[Opening COLLECTED DATA section]

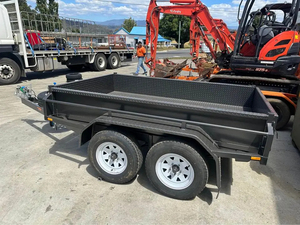 Remolque Agrícola de Cuatro Ruedas Grande con Descarga Trasera Hidráulica, de Acero, Fácil Operación para Granja, Suministro Directo de Fábrica al Mejor Precio - Product Image 6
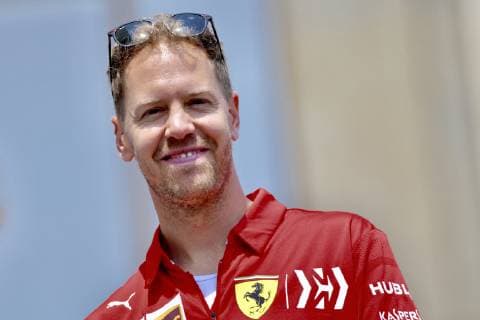 VETTEL Sebastian F1 Team Scuderia Ferrari F1 2019 Grand Prix of Azerbaijan at 25 04 2019 in Baku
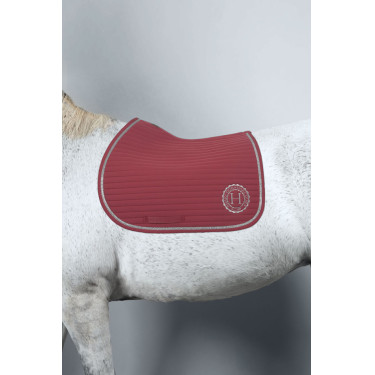 Tapis de selle Rider Harcour Karembar Blush Rose Tapis de selle Rider Harcour Karembar Blush Rose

[Closing COLLECTED DATA section]

Leave every picture out, and reproduce exactly the lines from the line bearing "VETTEL Sebastian F1" through the closing line of the material above.

 VETTEL Sebastian F1 Team Scuderia Ferrari F1 2019 Grand Prix of Azerbaijan at 25 04 2019 in Baku
 Tapis de selle Rider Harcour Karembar Blush Rose Tapis de selle Rider Harcour Karembar Blush Rose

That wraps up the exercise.